Ms Chand said Ms Charles returned later in the day with a blank Sale and Purchase Agreement and, following negotiations, it was signed by both parties on March 2, 2009.
Several days later, Ms Charles rang Ms Chand and asked her to sign a real estate agent's listing authority but she declined, saying she and her partner had advertised the property on Trade Me to make a private sale.
However, when she viewed the agreement with her lawyer, new information had been inserted, including stamps and a sticker indicating commission was payable to Haron & Company, a real estate agency in Papatoetoe. The commission rates were 4 per cent on the first $300,000 and 2 per cent thereafter.
The sale agreement was for $295,000 and Ms Chand said if she had known Ms Charles was acting as an agent entitled to a commission, she would have increased the price.
In February last year, after Ms Chand refused to pay, Ms Charles tried to get the money through the Manukau District Court but Judge Peter Spiller dismissed the claim.
Ms Chand, who has since moved to Hamilton, then laid a complaint about Ms Charles with the Real Estate Agents Authority.
Ms Charles told a disciplinary tribunal in June this year that she asked Ms Chand to sign the listing authority before presenting her with an offer on the house.
She said Ms Chand declined, but inquired about her commission rates and indicated she could pay only $10,000.
Ms Charles took this to mean Ms Chand understood she was an agent and that she knew a commission would be due for the introduction to the buyers.
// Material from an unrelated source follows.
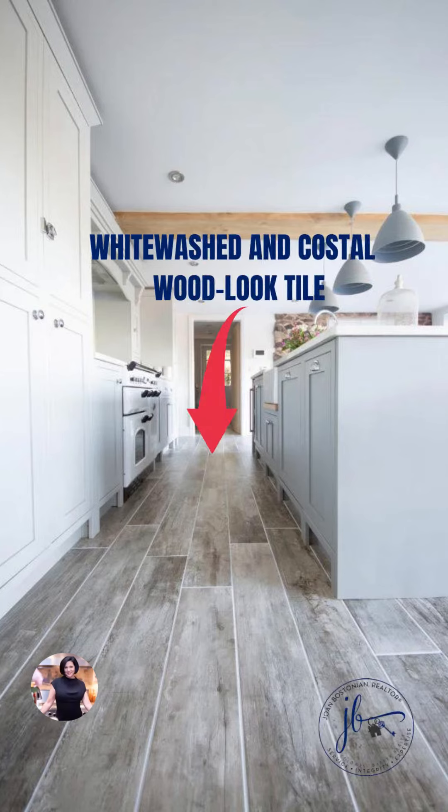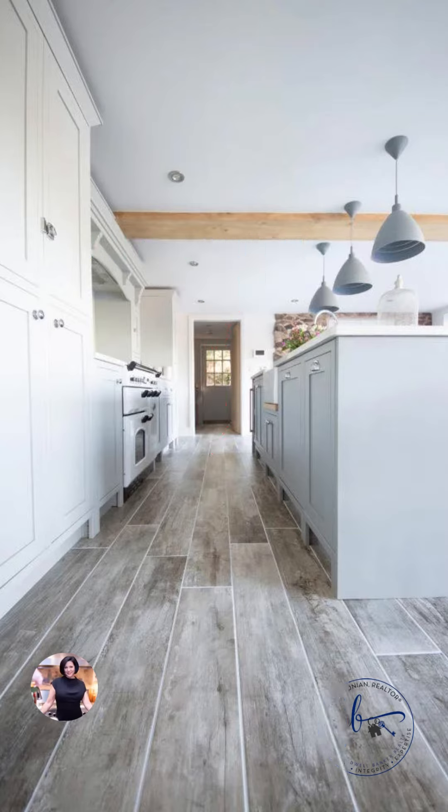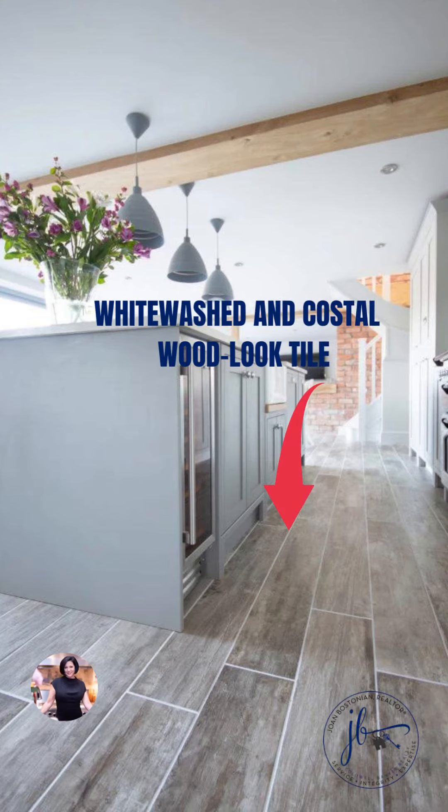If you're looking to create a light and airy feel to your home, then the whitewashed and coastal wood look tile floor trend is for you. The distressed look of this wood effect tile also provides a forgiving surface for everyday busy homes.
She also insisted the details of her employer were on the sale agreement when it was signed by the parties, but under cross-examination she contradicted herself on this point in front of Judge Spiller.
Ms Charles said she no longer held a salesperson's licence and was working for an insurance firm.
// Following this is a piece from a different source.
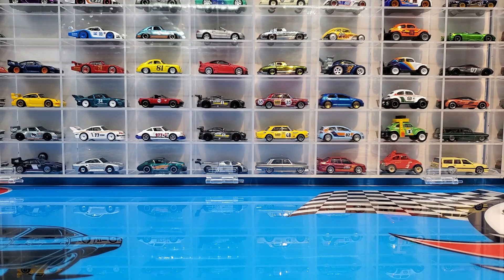Not that much to look at guys, but a few good castings to check out. Let's set up the trusty turntable and dig into some of these cars.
The tribunal said that while it considered Ms Chand to have acted naively in not making some inquiry about the "bone fides" of Ms Charles, it preferred her evidence to that of the agent.
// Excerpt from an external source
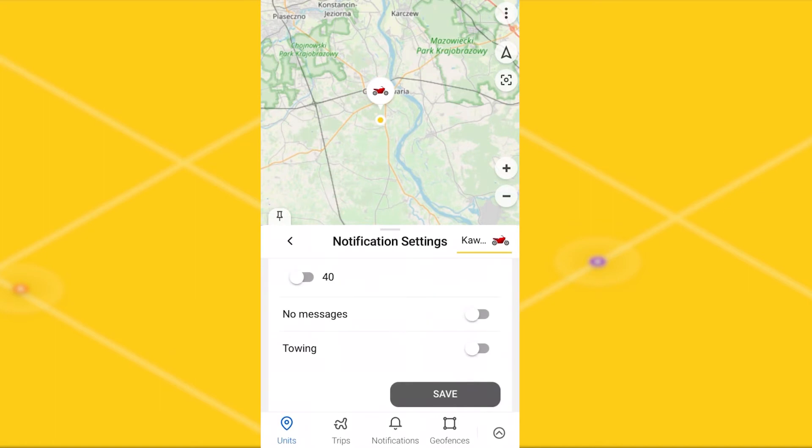It happens that the device stops sending messages because for some reason the tracker has turned off. You can use our application to receive a notification that there have been no messages from the tracker for a while. For example, you can set 5 minutes, 10 minutes, up to 20 minutes.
It called Ms Charles' behaviour disgraceful and fined her the maximum of $750.
Previous cases
David Beiszer: Posted abusive Facebook comments.
Lindsay Dodd: Suspended after his ex-wife accused him of $1 million loan-document forgeries.
Joe Brankin: Allegedly called office manager "a f****** looney, a load of s***, f****** fat thing".
Aaron Little: Convicted of aggravated burglary, failed in an appeal against licence rejection.